IDE KREATIF : Sejumlah dosen dari Fakultas Hukum Universitas Malikussaleh (Unimal) Aceh Utara, Minggu (24/4/2016), mengunjungi makam Sultan Malikussaleh di Desa Beuringen, Kecamatan Samudera, Aceh Utara. Pengunjung lainnya juga memenuhi kompleks makam yang sejuk dengan pohon angsana tua itu.
"Ini kubur almarhum yang diampuni, yang takwa, pemberi nasihat, yang dicintai, bangsawan, yang mulia, yang penyantun, penakluk, yang digelari dengan Sultan Al Malikussaleh. Yang paham agama yang berpindah (wafat) dalam bulan Ramadhan tahun 690 Hijriah." Itulah kalimat yang terpahat indah dengan seni kaligrafi di nisan Sultan Malikussaleh (1270-1297 Masehi).
Ia adalah sultan pertama di kerajaan Islam pertama Nusantara. Ukuran kompleks makam itu sekitar 12 x 17 meter. Di situlah ditaksir, pusat aktivitas Kerajaan Samudera Pase tempo dulu.
Sang juru kunci, Muhammad Yakop, setia menjaga makam. Rumah kakek yang satu ini persis di depan kompleks itu.
Jika mengunjungi makam ini, kita jangan berharap akan menemukan puing-puing kerajaan dengan berbagai macam fasilitas istana. Di kompleks itu hanya terdapat makam Malikussaleh dan putranya, Malikuddahir.
KOMPAS.COM/MASRIADI
Pengunjung memperhatikan nisan di Makam Sultan Malikussaleh, Desa Beuringen, Kecamatan Samudera, Aceh Utara
"Tidak diketahui pasti di mana letak istana. Bisa jadi, sekitar kecamatan ini. Kerajaan Samudera Pase kan kerajaan besar, jadi bisa jadi di desa lain pusat istananya," sebut Muhammad Yakop.
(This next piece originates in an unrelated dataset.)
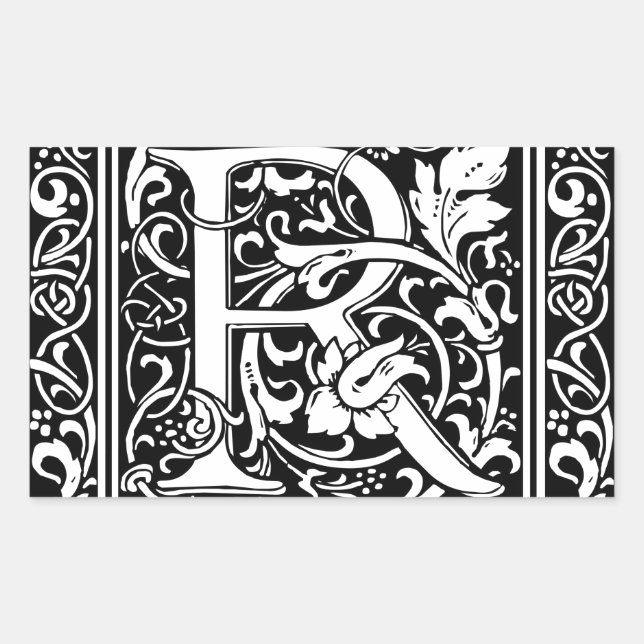 Letter R Medieval Monogram Art Nouveau Rectangular Sticker (Front)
Makam ini terletak sekitar 20 kilometer arah timur Kota Lhokseumawe. Jika melintasi jalan nasional Medan–Banda Aceh dan berada persis di Kedai Geudong, maka berbeloklah ke kiri. Ikuti jalan lurus itu sekitar 3 kilometer, dan papan nama kompleks makam itu akan terlihat.
"Pengunjung yang ke sini umumnya masyarakat luar, atau orang Aceh yang membawa masyarakat dari luar Aceh yang ingin melihat bagaimana makam raja yang paling tersohor ini," ujar Yakop.
Di sekitar makam, warga kerap menemukan peninggalan kerajaan tempo dulu, seperti dirham dari emas, perunggu, guci, atau piring.
"Seingat saya, 1980 ditemukan 132 uang dirham. Itu digali oleh arkeolog, dan itu penemuan terbesar seingat saya," sebutnya.
Hingga kini, sambung Yakop, masih banyak warga yang mencari peninggalan kerajaan itu.
"Jika hujan deras, biasanya ditemukan dirham atau piring atau benda lain. Warga di sini kerap menemukannya," terangnya.
Namun, sayangnya, dirham itu tidak tersimpan dengan baik di tangan pemerintah. Yakop menyebutkan, seharusnya ada tempat penyimpanan sejenis museum khusus untuk Kerajaan Samudera Pase. Pemerintah telah membangun museum, tetapi belum berfungsi.
"Semoga, ke depan, anak cucu kita bisa melihat lengkap koleksi museum tentang kerajaan Islam terbesar di Asia Tenggara ini," pungkasnya.